From belly to brain: The science of Thanksgiving

Photo by Pink Sherbet Pho­tog­raphy via Flickr.

There are cer­tain things most Amer­i­cans expect to encounter on Thursday: Turkey. Mashed pota­toes. A lazy after­noon. Too many lagers. A belly ache. A nod toward the things we’re thankful for.

But the one thing we should per­haps be most thankful for may slip under the radar, and that is the incred­ible human brain, which kicks into high gear on this annual day of indul­gence and gratitude.

In an op-​​ed pub­lished last Sat­urday in The Boston Globe titled Grat­i­tude Pays Big Div­i­dends, psy­chology pro­fessor Dave DeSteno dis­cusses how human emo­tions have evolved to “serve socially adap­tive func­tions.” He says we tend to think of grat­i­tude in terms of the past: the things that have already hap­pened that we’re thankful for now. But in fact, DeSteno argues, grat­i­tude may have more to do with the future.

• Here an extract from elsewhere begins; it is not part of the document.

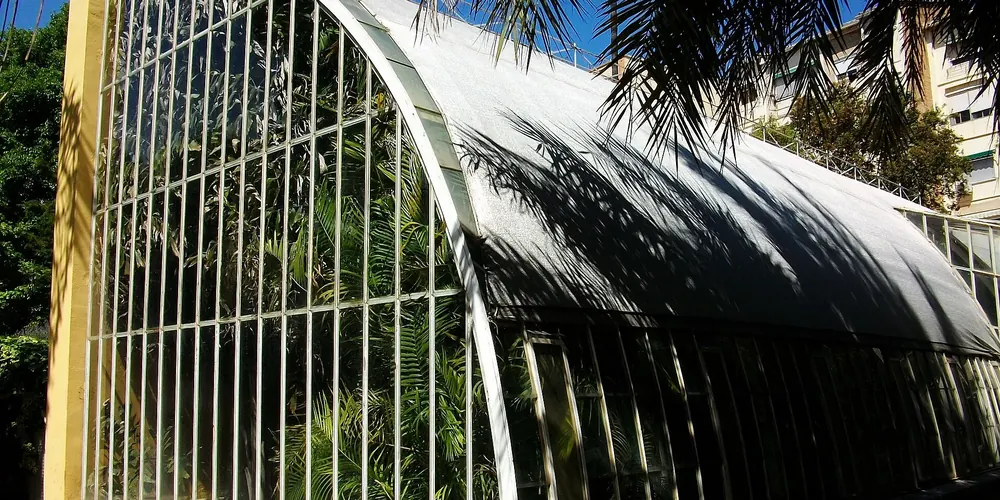 De gebogen kas van ijzer en glas, het Hivernacle de la Bassa, onder palmbladeren in de Jardí Botànic de València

DeSteno’s lab has shown that people who have recently expe­ri­enced kind­ness from someone else are more likely to pass that kind­ness along to another, even a stranger. “The more grat­i­tude people feel,” he writes, “the more likely it is they’ll help anyone, even if it’s someone they’ve never laid eyes on before.” For that reason, he sees grat­i­tude as a social strategy that helps build resilient com­mu­ni­ties. What goes around really does come around and our brains seem to know it even if we some­times forget it.

On Thanks­giving Day we reflect on our rela­tion­ships and the things we have — both mate­rial and oth­er­wise.. But it doesn’t seem to matter what we’re thankful for — as long as we’re feeling grat­i­tude, we’re more likely to help our fellow humans.

Of course, turkey day isn’t always ter­ribly con­ducive to being helpful — if that help requires a con­sid­er­able amount of phys­ical energy. That’s because it’s all being fun­neled off to do the seem­ingly more impor­tant job (in an evo­lu­tionary sense) of diges­tion. Tryp­to­phan is the amino acid that’s often pegged as the cause for the over­whelming exhaus­tion that sets in after the mas­sive, gravy smoth­ered, turkey dinner we like to indulge in once a year. But, says chem­istry and chem­ical biology pro­fessor and chair Graham Jones, this is a common misconception.

Indeed, while it is true that tryp­to­phan has sleep inducing effects, and its metabo­lites — ser­a­tonin and mela­tonin — are sleep reg­u­la­tors, it does not account for the drowsi­ness we often expe­ri­ence.” He says that drowsi­ness would require eating a heck of a lot more turkey than even the most fer­vent mouth stuffers among us could con­sume: close to 40 pounds worth.

The more likely cul­prits of our food-​​induced coma are the fats and car­bo­hy­drates the meal con­tains, according to Jones. “Car­bo­hy­drates make the pan­creas secrete more insulin, which in turn stim­u­lates pro­duc­tion of sero­tonin,” he explains. “Diges­tion of fats results in redis­tri­b­u­tion of blood flow, also resulting in low­ering of our energy levels and increased seda­tive feeling.” Not to men­tion the beers and the wine and what­ever other bac­cha­na­lian treats you imbibe, which are all cen­tral ner­vous sys­tems depressors.

As you relax after the food tomorrow, it might be a good idea to keep all of this in mind. Even if someone hasn’t recently paid you a kind­ness, you still have quite a bit to be thankful for, as you sit in the Barcalounger, let­ting your neu­ro­trans­mit­ters and your hor­mones and your enzymes work their bot­toms off to deal with your over-​​indulgence. After all, any grat­i­tude you can muster is a pay­ment into society’s future.